Le but de la justice dans son sens plénier est de guérir les blessures, de reconstruire des liens. Sans minimiser aucunement les blessures des victimes, on peut se demander dans quelle mesure l’auteur de l’abus est lui aussi un être blessé, consciemment ou inconsciemment, par la honte, la conscience du mal commis et la culpabilité. On peut ici voir une analogie avec les violences conjugales. Si on ne chemine pas avec l’auteur des violences, il sera très difficile de les prévenir.
Un des enjeux pour l’Église est aussi celui de la communication.
CA: C’est très délicat. Lorsqu’un prêtre est écarté parce qu’une enquête canonique a été ouverte contre lui, on ne peut pas dire à sa communauté qu’il est malade ou en vacances. En outre il faut respecter la présomption d’innocence. Il faut aussi se souvenir qu’un auteur d’abus peut par ailleurs être très apprécié de sa communauté. S’il jouit d’une personnalité charismatique, la tendance est à le mettre sur un piédestal et d’avoir des membres de sa communauté qui prennent sa défense. Ce qui le poussera certainement à ne jamais admettre qu’il s’est trompé et qu’il a dévié.

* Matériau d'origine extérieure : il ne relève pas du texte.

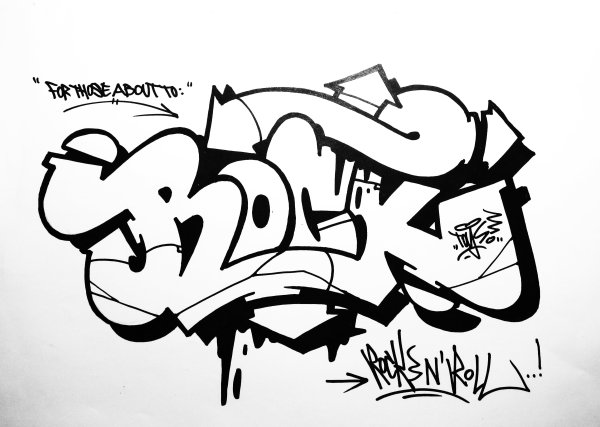 Граффити на бумаге маркером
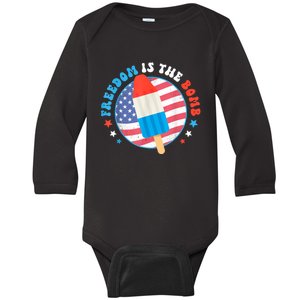 Freedom Is The Bomb USA Flag Popsicle 4th Of July Patriotic Baby Long Sleeve Bodysuit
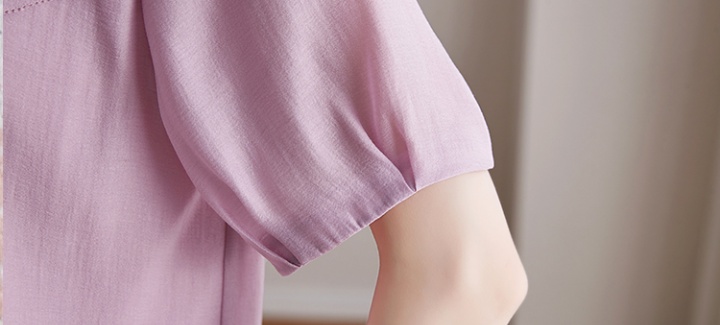 Lotus leaf collar tops purple chiffon shirt for women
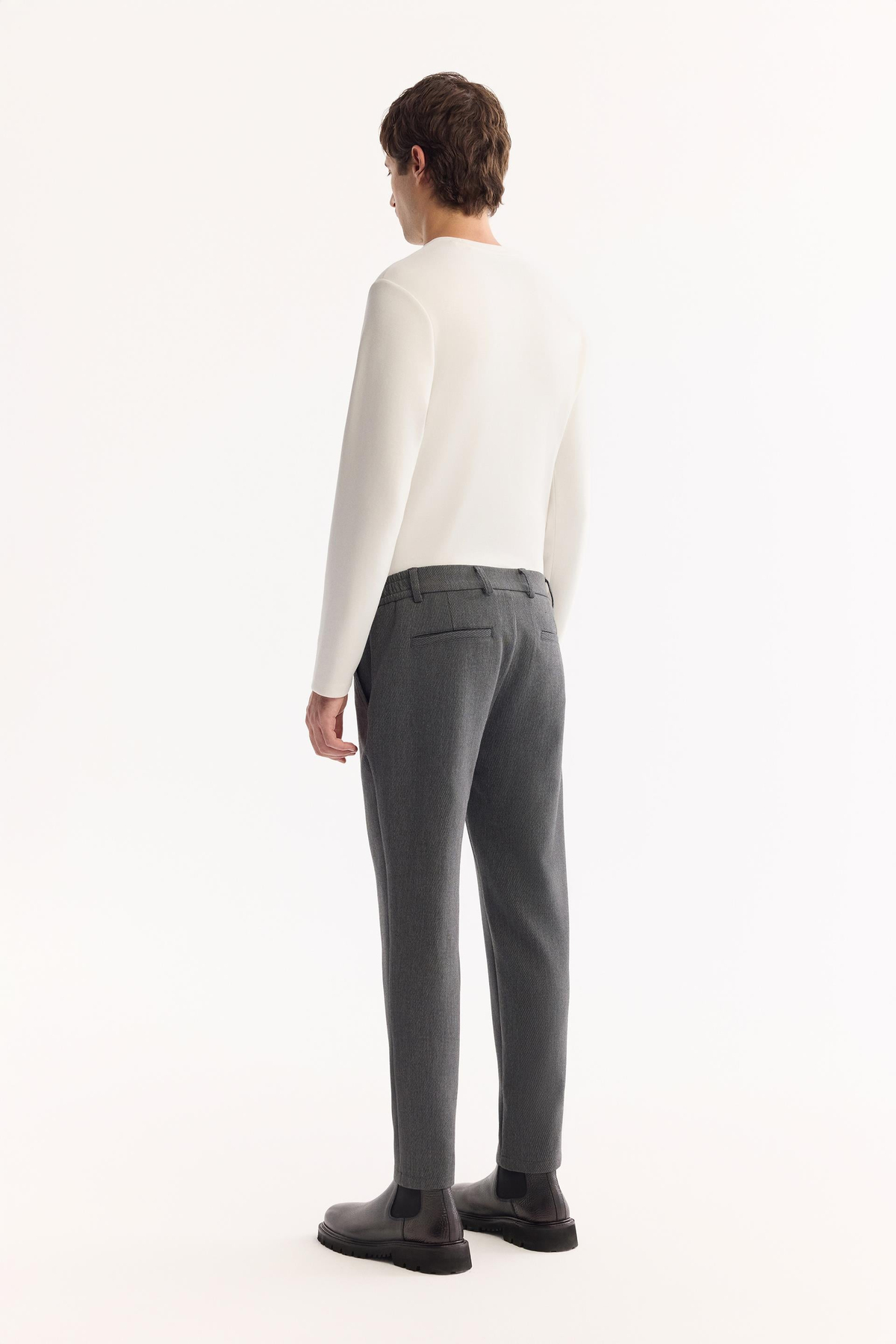 Antrasit Yanı Lastikli  Diyagonel Slim Fit Pantolon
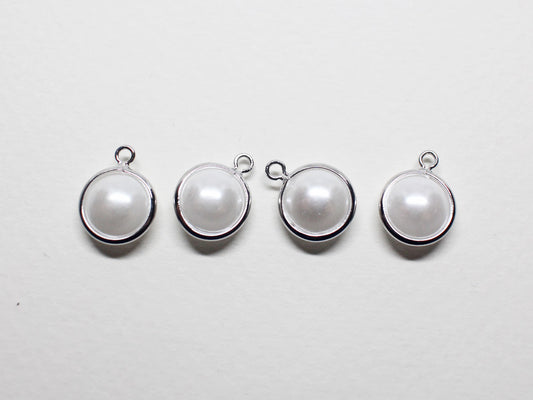 [P0778-1]/10pcs/Large Framed Pearl Pendant/Brass /Rhodium/8mm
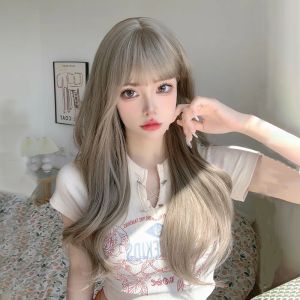 Wigs for Women Female Long Curly Hair with Air Bangs Big Wave Natural Fluffy Wig Full Headgear Wigs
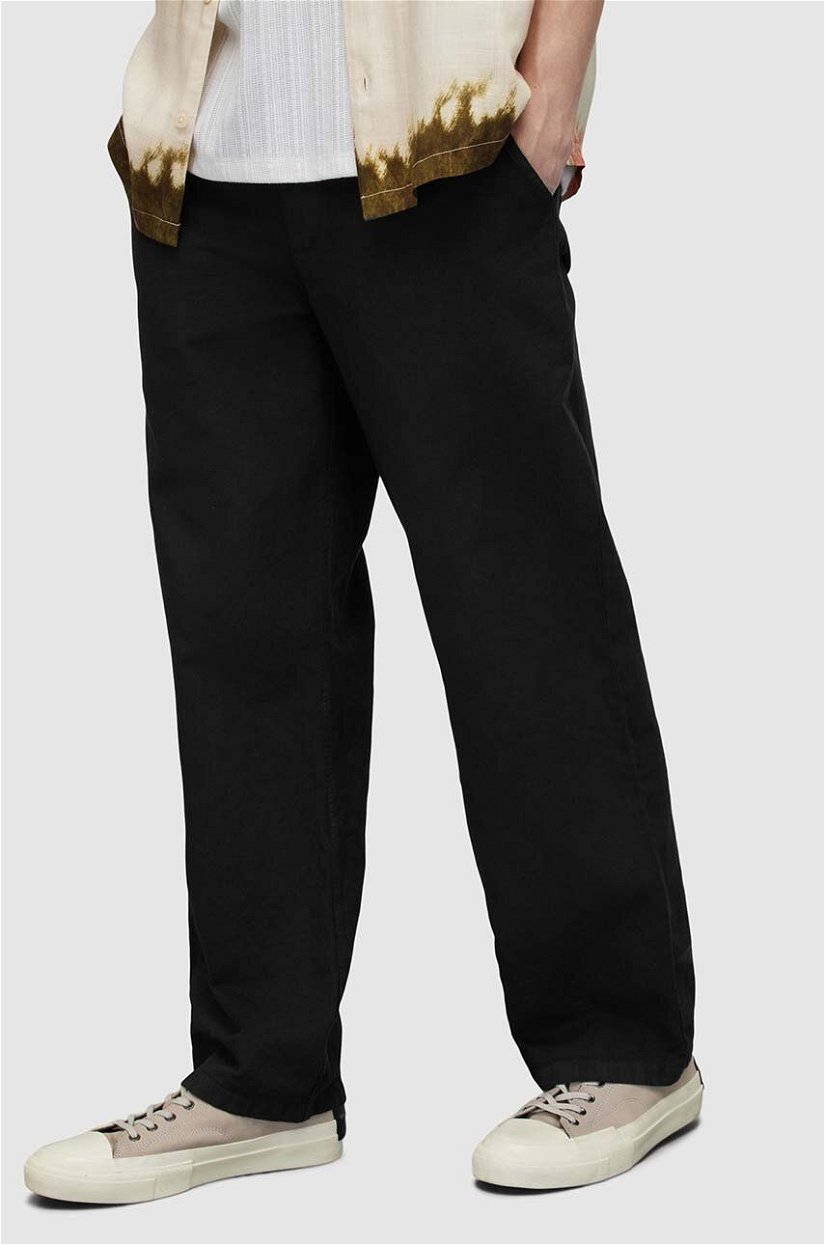 AllSaints pantaloni din amestec de in HANBURY TROUSERS culoarea negru, drept, MF080Y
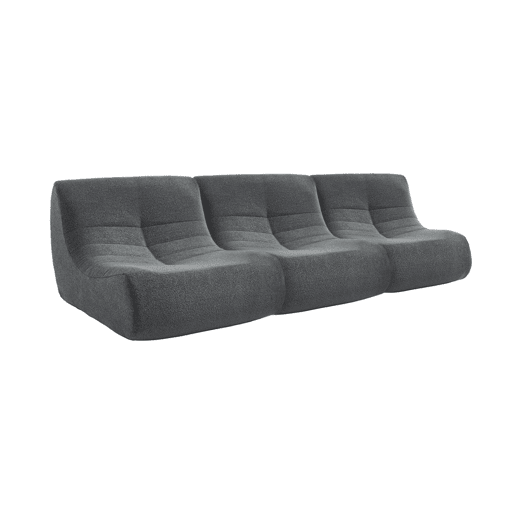 Sofá modular em boucle texturizado de 3 lugares, Sokol boucle, Antracite, 91x105x72 cm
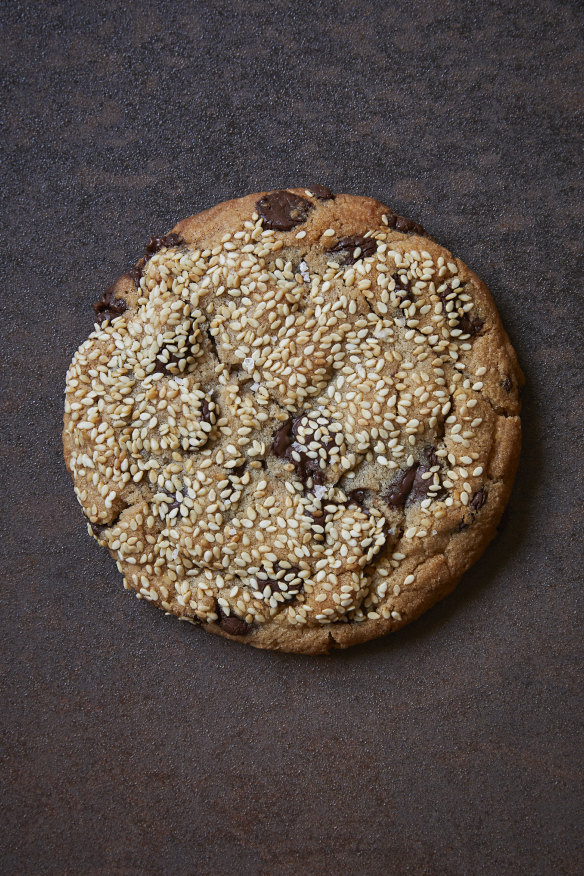 Salted chocolate tahini cookies.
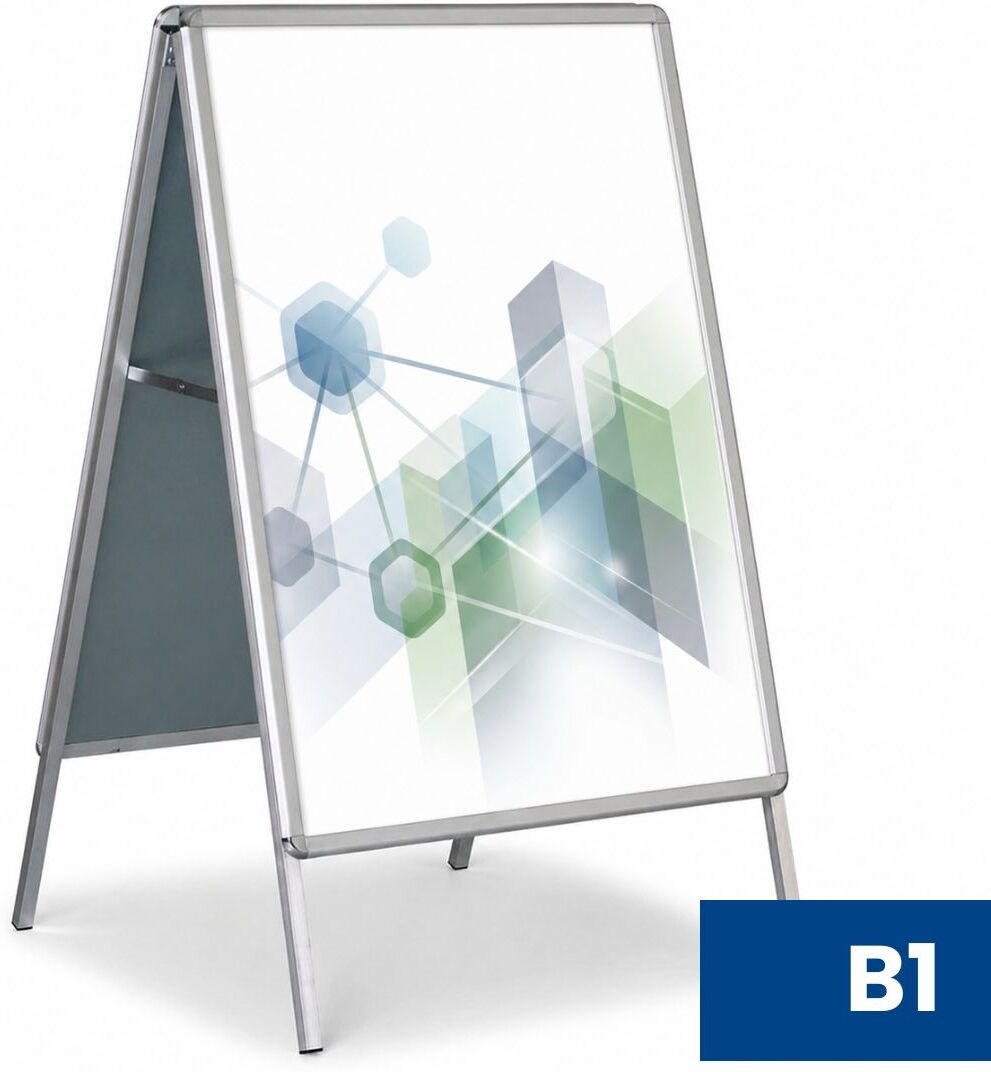 B2B Partner Kundenstopper B1, 700 × 1000 mm, Aluminiumrahmen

TC: Ne rien dire est déjà dire quelque chose. Communiquer ne signifie pas lancer une information dans l’espace public. On a besoin d’une parole et de paroles qui circulent dans l’attention à ce qui est provoqué chez l’autre. C’est une recherche subtile pour sortir d’une fausse naïveté où on aurait le choix entre dire et ne pas dire.
Pourrait-on, devrait-on imaginer des rituels de repentance?
TC: Un rituel est certainement utile, mais il ne clôt pas l’histoire. Pour parler autrement, un coup de goupillon ne suffit pas, il faut qu’il réponde à une demande. Je resterais prudent. Le risque est grand de faire une belle cérémonie et de se dire que ›maintenant tout est en ordre’. Il faudrait plutôt parler de chemin ritualisé.
CA: Cela n’a rien de magique. Il faut savoir ce que l’on attend. Quels sont les besoins de la victime, de la communauté, le cas échéant de l’auteur de l’abus? Mais trop de silence est préjudiciable à la communauté qui est une victime collatérale de l’abus. Je tiens à préciser que le vrai pardon est aussi une grâce accordée par Dieu, nous ne pouvons que favoriser la grâce et ne pas l’empêcher de toucher la personne.
« On pourrait s’inspirer de l’expérience des communautés monastiques et de leur manière de gérer le parcours péché-aveu-pardon-pénitence et réintégration. » Thierry Collaud
Dans son histoire, l’Église a développé des processus de pénitence.
CA: Oui l’Eglise avait développé cette notion de pécheur public. Mis formellement à l’écart, il devait accomplir un certain nombre d’actes pour lui permettre de revenir au sein de la communauté.
TC: On devrait s’inspirer de ces exemples historiques, même si on ne peut pas les transposer tels quels. On pourrait aussi se laisser instruire par l’expérience des communautés monastiques et leur manière de gérer le parcours péché-aveu-pardon-pénitence et réintégration.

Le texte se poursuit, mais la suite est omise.